Como o pai não lhe dava liberdade , nem dinheiro, e como exigia que ele às nove horas da noite se recolhesse a casa, Amâncio arranjava com a mãe os cobres que podia e, quando a família já estava dormindo, evadia-se pelos fundos do quintal. Era Sabino quem lhe abria e fechava o portão.
O moleque gostava muito dessas patuscadas. O senhor – moço levava-o à vezes em sua companhia. Amigos esperavam por eles lá fora, reuniam-se; tinham um farnel de sardinhas, pão, queijo, charutos e vinho. Era pagodear até pela madrugada!
Se havia chinfrim - entravam, ou então iam tomar banho no Apicum ou cear ao Caminho Grande. Em noites de luar faziam serenatas ;aparecia sempre alguém que tocasse violão ou flauta ou soubesse cantar chulas e modinhas. Aos sábados o passeio era maior; no dia seguinte Amâncio estava a cair de cansaço, aborrecido, necessitando de repouso.
Mas não deixava de ir. — Era tão bom passear pela rua, quando toda a população dormia; fumar, quando tinha certeza de que nenhum dos amigos de seu pai o pilharia com o charuto no queixo ;era tão bom beber pela garrafa, comer ao relento e perseguir ima ou outra mulher, que encontrassem desgarrada, a vagar pelos becos mal iluminados da cidade!
Tudo isso lhe sorria por um prisma voluptuoso e romanesco.
Às vezes entrava em casa ao amanhecer. Não podia dormir logo ;vinha excitado, sacudido pelas impressões e pela bebedeira da noite. Atirava-se à rede, com uma vertigem impotente de conceber poesias byronianas, escrever coisas no gênero de Álvares de Azevedo, cantar orgias, extravagâncias, delírios.
E afinal adormecia, lendo Mademoiselle de Maupuin, Olympia de Clèves ou Confession d’un enfant du siècle.
Não penetrava bem na intenção deste último livro, mas tinha-o em grande conta e, visto conhecer a biografia de Musset, embriagava-se com essa leitura; ficava a sonhar fantasias estranhas, amores céticos, viagens misteriosas e paixões indefinidas.
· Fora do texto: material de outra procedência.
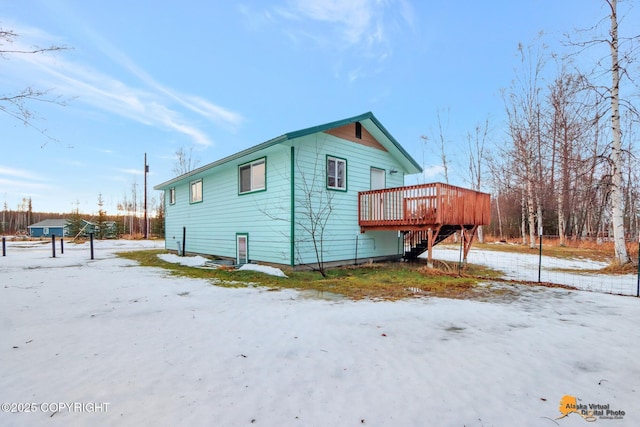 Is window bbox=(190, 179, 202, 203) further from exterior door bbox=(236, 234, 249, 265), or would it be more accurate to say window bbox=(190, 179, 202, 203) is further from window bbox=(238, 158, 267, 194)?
exterior door bbox=(236, 234, 249, 265)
As criadas da casa ou as mulatinhas da vizinhança já o enfaravam :era preciso descobrir amores mais finos, mais dignos, que, nem só lhe contentassem a carne, como igualmente lhe socorressem as ânsias da imaginação.
Por esse tempo leu a Graziella e o Raphael de Lamartine .Ficou possuído de uma grande tristeza; as lágrimas saltaram-lhe sobre as páginas do livro. Sentiu necessidade de amar por aquele processo, mergulhar na poesia, esquecer-se de tudo o que o cercava, para viver mentalmente nas praias de Nápoles, ou nas ilhas adoráveis da Sicília, cujos nomes sonoros e musicais lhe chegavam ao coração como o efeito de uma saudade ,amarga e doce, de uma nostalgia inefável, profunda, sem contornos, que o atraía para outro mundo desconhecido, para uma existência, que lhe acenava de longe, a puxá-lo com todos os tentáculos de seu mistério e da sua irresistível melancolia.